This Bill if passed will see people, mainly women who can much more easily get the documents required, applying for this extra leave whenever they are moving flats (just blame this on the previous flat mate’s psychological violence, even if there never was a flat mate), whenever they leave a relationship to start a new one (just blame the previous partner’s emotional abuse), or whenever they have run out of other leave.
The Bill could easily have included some real safeguards against misuse but like all our domestic violence laws it leaves the door wide open to misuse based on the fallacious claim that women would never lie about such things. The Bill could have required more solid evidence such as formal charges. And/or it could have required some evidence to be provided of the steps the person took to address the claimed violence. Under the current Bill, a person simply has to allege violence and obtain one of the documents; there is no need to do anything to deal with the violence. A canny employee could just claim each year that her spouse was psychologically mean to her in an argument, use the leave for a nice little holiday, and if the employer then ever asked what transpired she can just say she went back to him and they sorted it out. However, there is no right in the Bill for employers to be told anything about how the leave was used or what the person did about the alleged violence.

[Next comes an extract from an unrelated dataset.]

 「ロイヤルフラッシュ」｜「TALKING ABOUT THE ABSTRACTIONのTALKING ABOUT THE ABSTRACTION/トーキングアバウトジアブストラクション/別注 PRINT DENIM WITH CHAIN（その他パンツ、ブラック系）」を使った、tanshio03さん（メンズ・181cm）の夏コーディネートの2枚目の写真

This Bill may assist some people who genuinely need help after violent experiences, but the way it’s designed it virtually yells out “Come and misuse me for some paid leave and flexible work hours!” As such it is another attempt to provide women with more opportunities to get privileges and special treatment at their fancy and without accountability. One dangerous aspect is the incentive it provides for even more women to make false allegations, resulting in such consequences as even more children being harmed by the loss of their family, unnecessary acrimony between their separated parents and/or unnecessary Family Court disputes. Even more dangerous, this Bill if passed will be used to publicize more spurious statistics about how many women were victims of domestic violence when many of them actually were not, and thereby maintain the advance of the feminist machine.